Ma voix s'étrangla et je ne pus poursuivre. Lucy et Miller avaient bien compris ce que je voulais dire. Si je devenais un Mutant, je pourrais leur faire du mal. Les Mutants deviennent incontrôlables à la fin de la mutation. Lucy s'assit à côté de moi.

– Amy ! s'exclama-t-elle en m'empoignant les épaules et en me forçant à la regarder. Ne dis pas des choses aussi insensées ! Seuls les animaux sont capables de muter, pas les humains ! Pendant des millénaires, aucun de ces cas n'est apparu, il n'y a donc aucune raison pour que cela arrive aujourd'hui, compris ?

Je secouai la tête.

– Tu n'en sais rien, répliquai-je. Des humains ont pu muter sans que personne ne soit au courant.

– Peut-être, concéda Miller.

Mais il détourna sa réponse.

– Des humains pourraient peut-être muter.

Énoncer cette perspective à voix haute me fit froid dans le dos. Cela ajouta encore plus à mon malheur.

– Amy, continua Miller. J'ai dis peut-être.

– On avancera à rien avec des peut-être, marmonna Lucy en se levant du canapé.

Elle avait raison. Mais à ce moment, j'étais trop préoccupée. Je deviendrais un danger si je mutais. Pis, je pourrais tuer mes amis sans m'en rendre compte, et on devra me tuer. J'imaginais déjà les gros titres, « La fille de L'Épéiste de la Brume s'est transformée en Mutante », « Un humain mute pour la première fois ! ».

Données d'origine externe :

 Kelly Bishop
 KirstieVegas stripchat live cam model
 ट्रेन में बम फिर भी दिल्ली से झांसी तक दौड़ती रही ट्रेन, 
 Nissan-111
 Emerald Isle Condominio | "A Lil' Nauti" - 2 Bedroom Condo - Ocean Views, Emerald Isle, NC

Je serrai les bras autour de moi, ayant soudainement la nausée. Miller et Lucy discutaient du fait que ce soit possible ou non. La clé, mes souvenirs. Seuls mes souvenirs pourraient m'aider. Si seulement, si seulement je les avaient ! Si seulement je pouvais parler à mon père, voir ce que ces scientifiques ont fait... Mais oui !

Les scientifiques. Il doit bien y avoir des rapports sur ce qu'ils ont fait ? Mais comment obtenir ça ? Il me faudrait l'aide... d'un Lumen Warrior.

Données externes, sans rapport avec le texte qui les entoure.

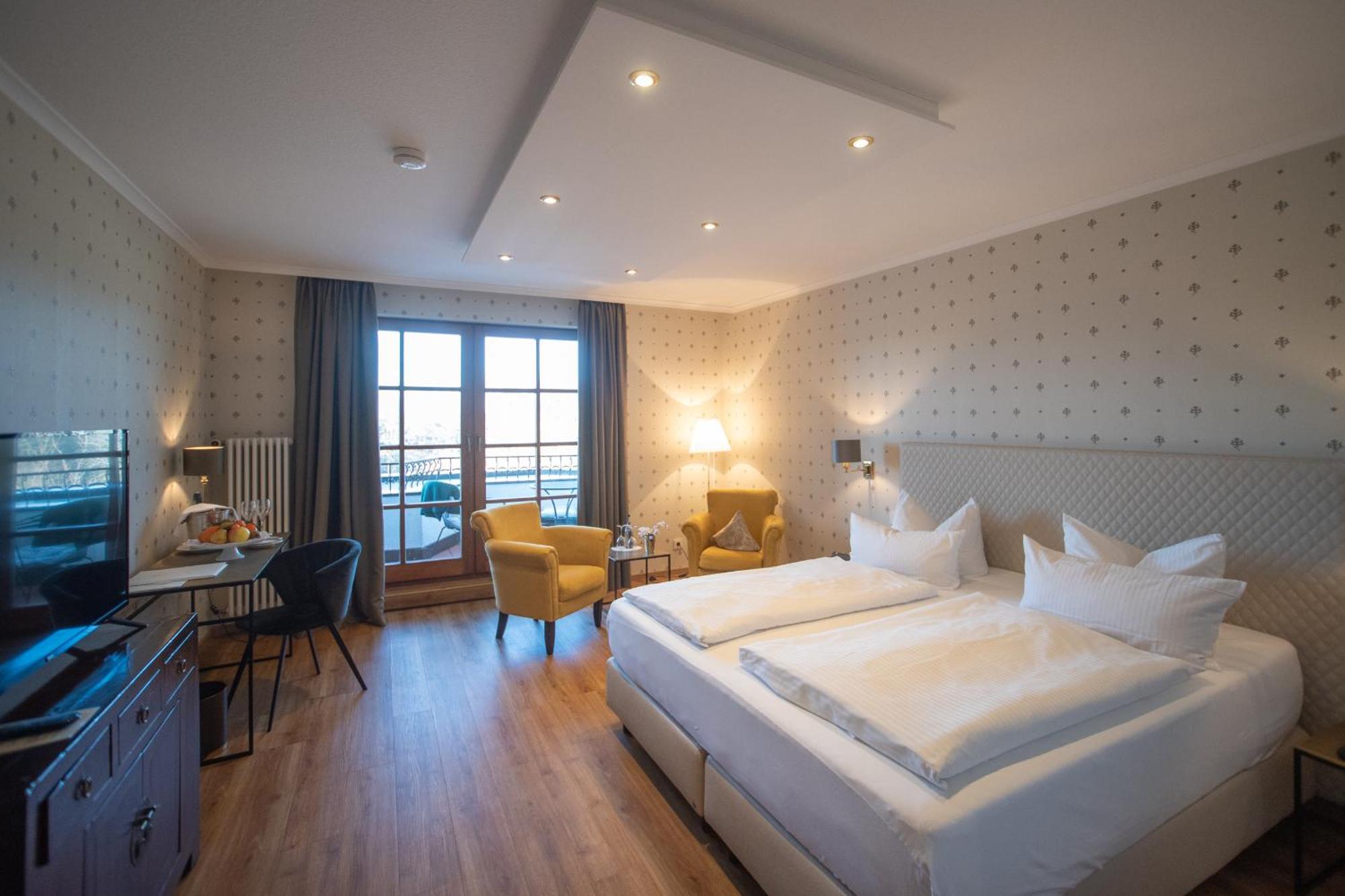 Hotel Restaurant Vinothek Lamm บัดแฮร์เรนอัลบ์ ภายนอก รูปภาพ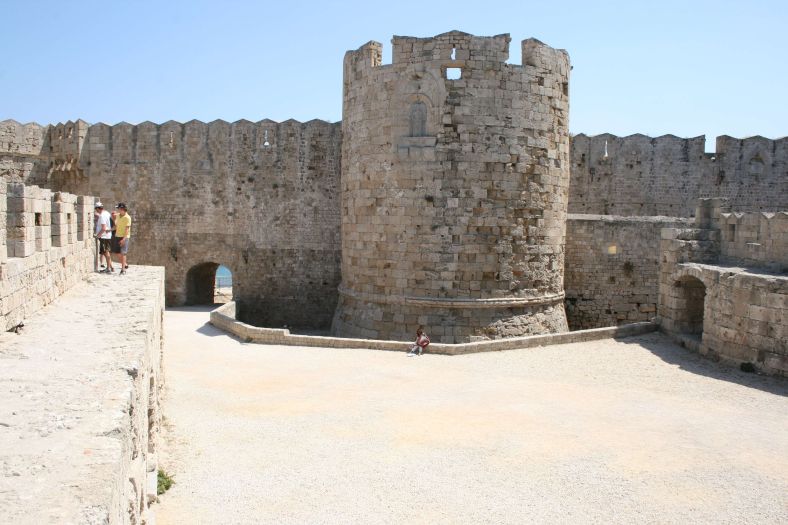 rhodos_altstadt_stadttor_04_st_paulus_tor.jpg, 70kB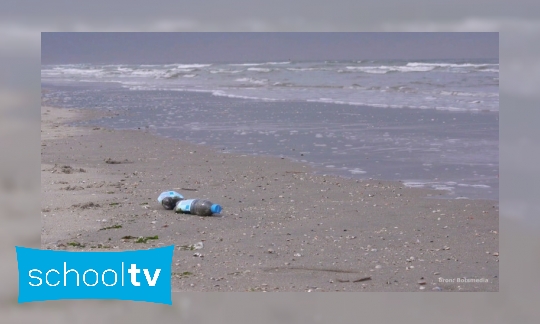 Plaatje Plastic afval op het strand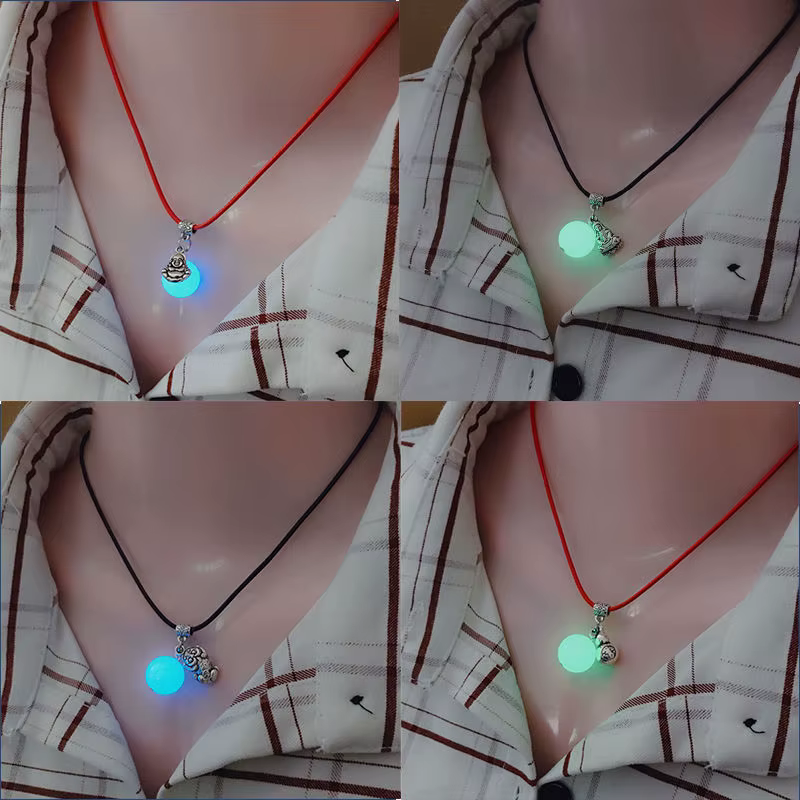 Bracelet pour femme avec breloque gemme lumineuse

– Professeur Miller, intervins-je. L'incident de l'île d'Ewa reste très flou, les Lumen Master y ont veillé. Mais dans ce cas-là, il devrait bien y avoir des rapports, non ? Quelque chose sur ça ? C'est ma mère qui a découvert cette île, elle m'a dit qu'elle avait fait un rapport !

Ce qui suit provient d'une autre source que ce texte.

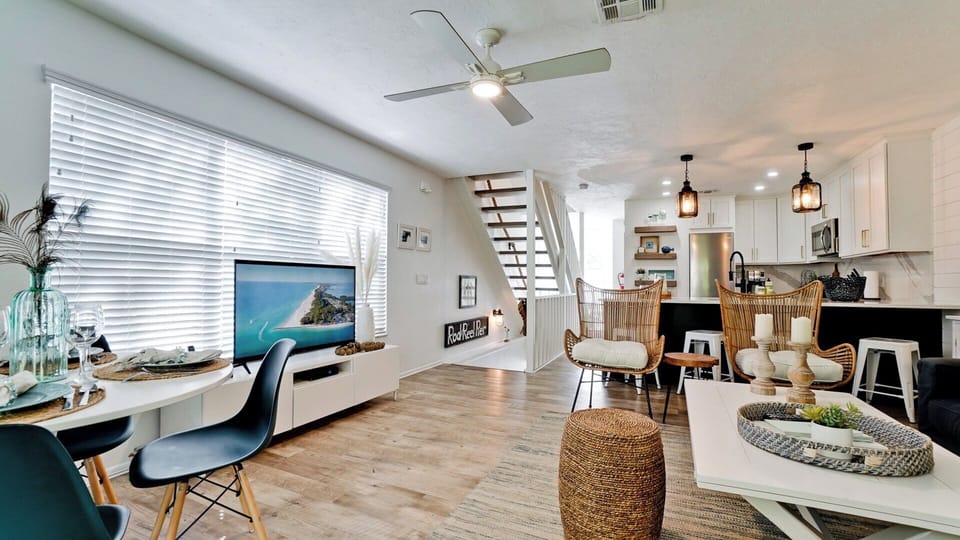 TV Area 1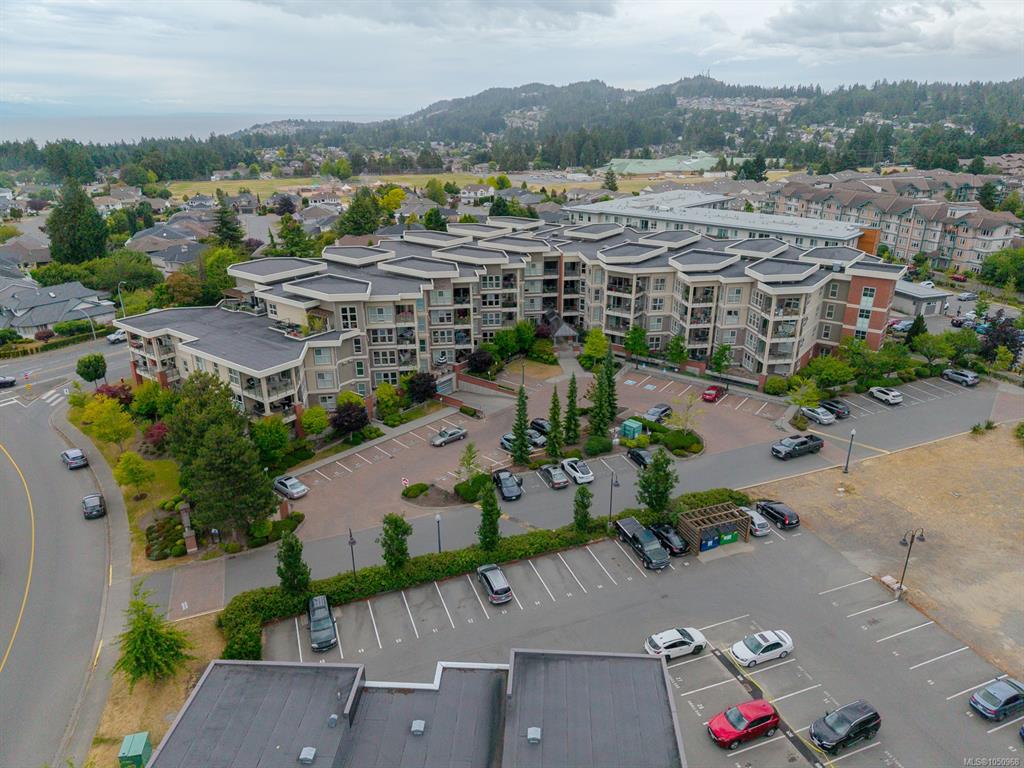 6310 Mcrobb Ave, 1050968, BC,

– Amy, même s'il y en a, je ne doute pas qu'ils sont bien cachés. Et seul un Lumen Master peut y accéder, puisque même moi je n'en avais jamais entendu parler.

– Je vois, murmurai-je, abattue. Mais vous ne connaissez personne qui pourrait se renseigner chez les Lumen Master ? Dans tous les cas, il doit bien y avoir une salle d'archive ou quelque chose dans le genre, non ? Où sont stockés les rapports ?

Ma voix teintée d'un espoir désespéré n'échappait à personne.

– On n'est même pas sûr qu'il y ait des rapports papiers ! Tout est quasiment stocké sur ordinateur maintenant, objecta Miller.

– Mais pas forcément il y a douze ans, fit remarquer Lucy. Et les ordinateurs, ça se pirate. Même les plus sécurisés. La chance qu'il y ait un rapport papier est plus grande qu'un rapport informatique.

Miller passa sa main dans ses cheveux en soupirant. Lucy, elle, se rongeait les ongles quand elle était face à un problème difficile.

– Il y a une salle d'archives, répondit finalement Miller. Je peux y accéder. J'irai voir, mais je ne vous promets rien !

Un sourire parcourut tout de même mon visage. J'avais eu raison de faire confiance à Miller. En espérant qu'il ne nous trahirait pas.